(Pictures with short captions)
* * * * *
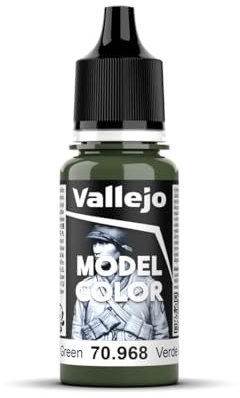 Vallejo Model Color Acrylic Paint, Flat Green, 18 ml, Self-Leveling, BSL System for Modeling and Miniatures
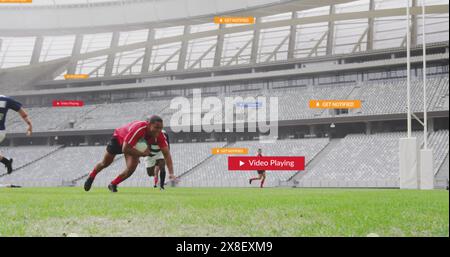 Immagine di barre di notifica su diversi giocatori che giocano a rugby nello stadio Foto Stock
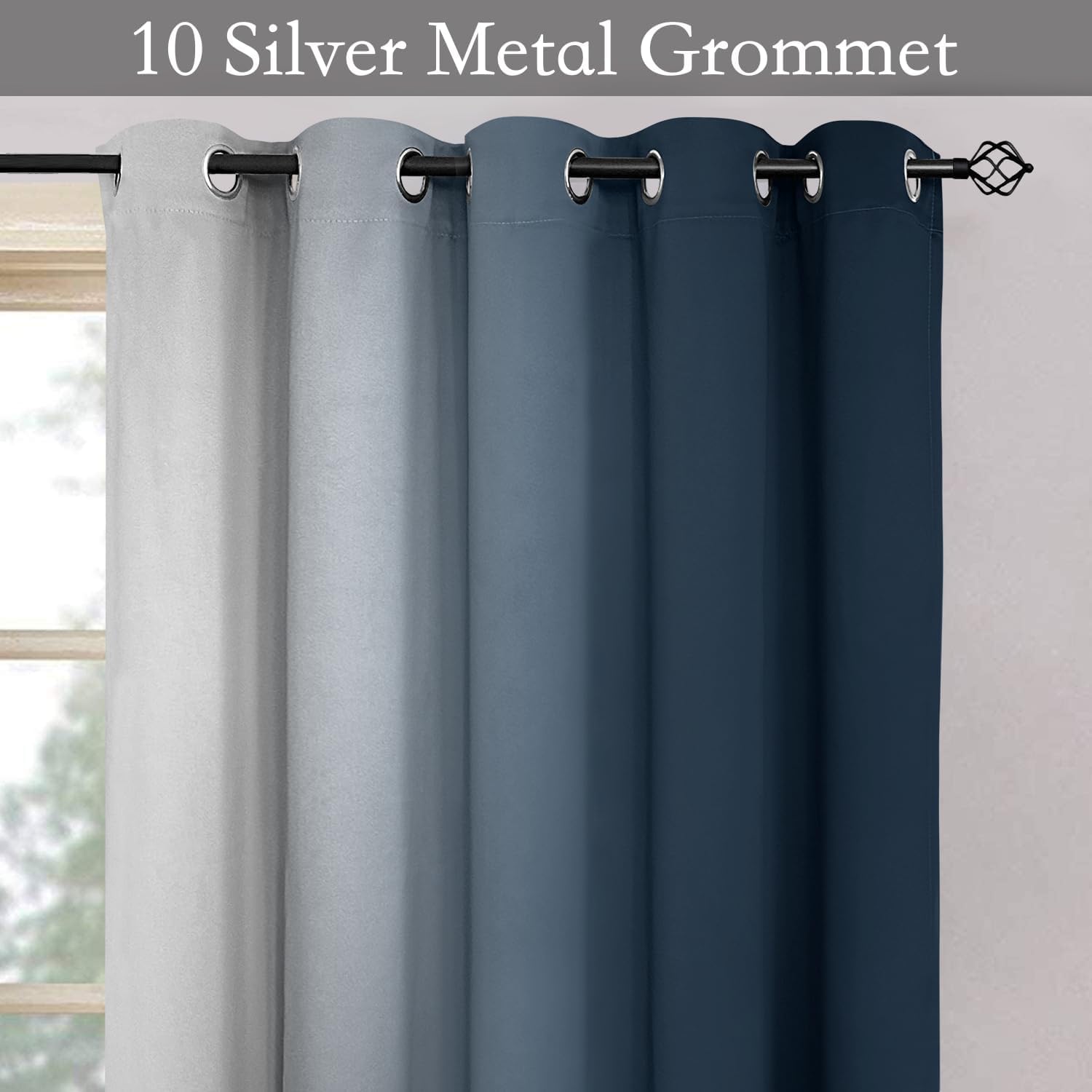 SimpleHome Ombre Navy Blue to Grey White Curtains for Living Room 70Wx84L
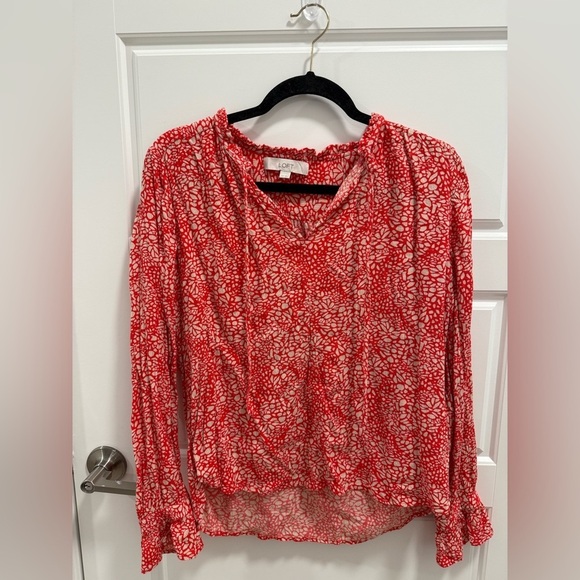 Loft Animal Print Peasant Blouse - Picture 3 of 6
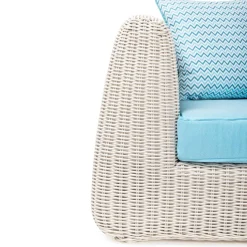 Salotto da Esterno in Polyrattan e Cuscini Azzurri - Charlie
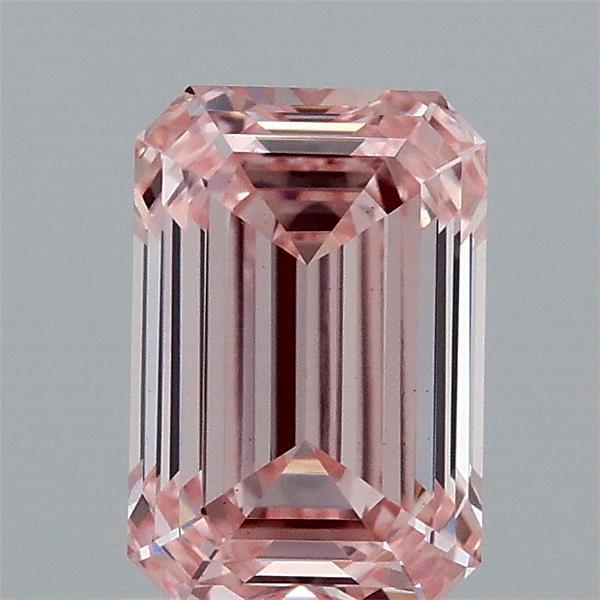 1.25 Carat Emerald Shaped, Excellent Cut, FANCY INTENSE PINK Color, VS1 Clarity, IGI Certified Lab Grown Diamond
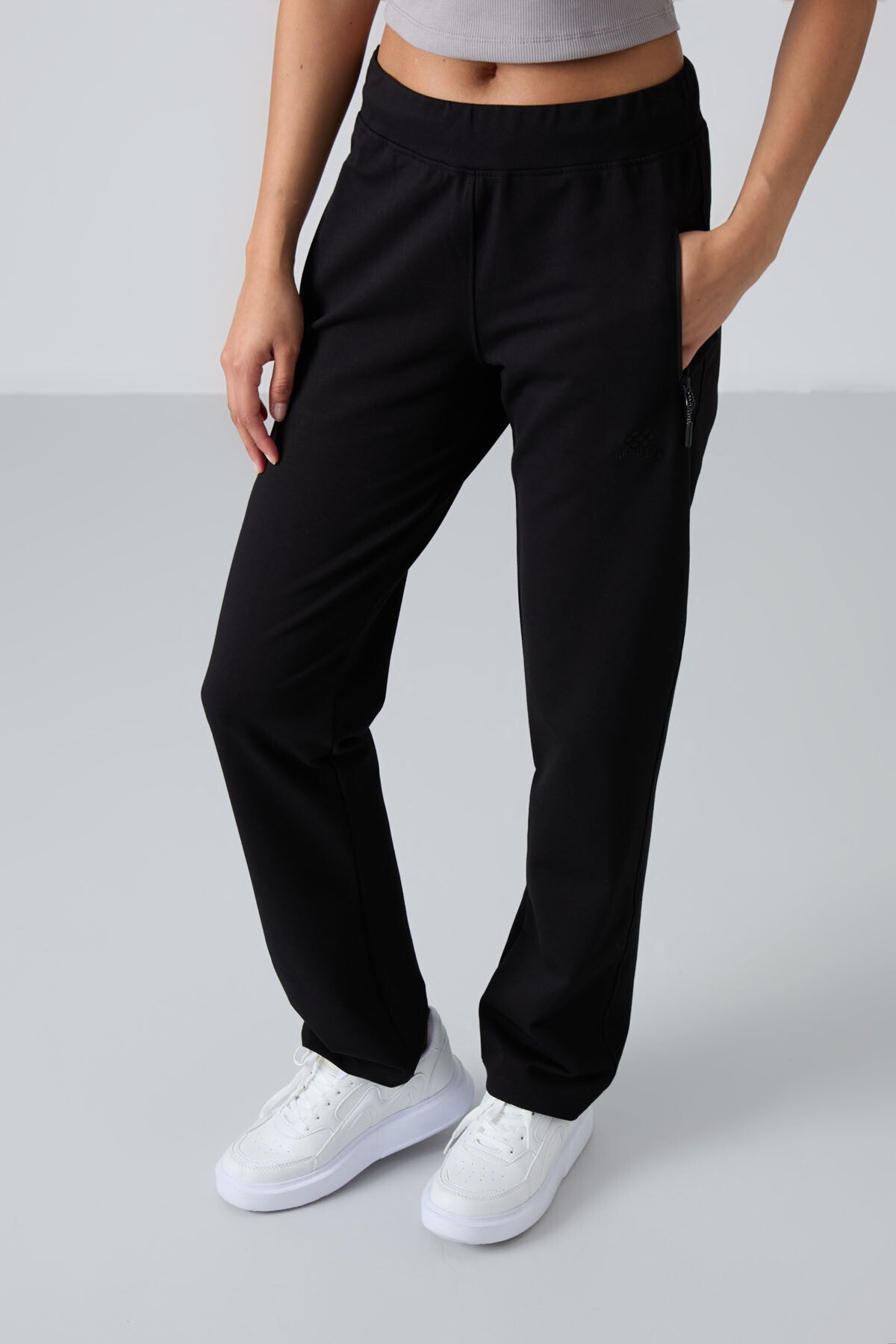 Black Zippered Pocket Comfort Fit Classic Hem Women's Tracksuit Bottom - 94195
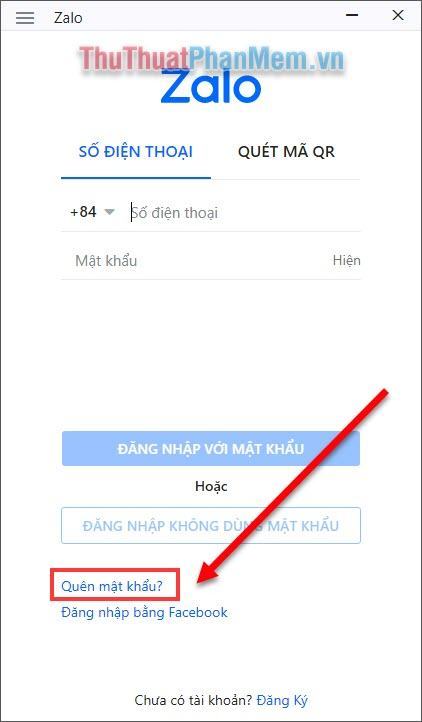 Chọn Quên mật khẩu?  ở góc dưới cùng của ứng dụng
* * * * *
_EXERCISE_:
Give again exactly the lines from the one holding "Loft Animal Print" to the final line of the records, both ends included; any pictures stay out.

_RESULT FOR THIS EXERCISE_:
 Loft Animal Print Peasant Blouse - Picture 3 of 6
 Salotto da Esterno in Polyrattan e Cuscini Azzurri - Charlie
 1.25 Carat Emerald Shaped, Excellent Cut, FANCY INTENSE PINK Color, VS1 Clarity, IGI Certified Lab Grown Diamond
 Black Zippered Pocket Comfort Fit Classic Hem Women's Tracksuit Bottom - 94195
 Chọn Quên mật khẩu?  ở góc dưới cùng của ứng dụng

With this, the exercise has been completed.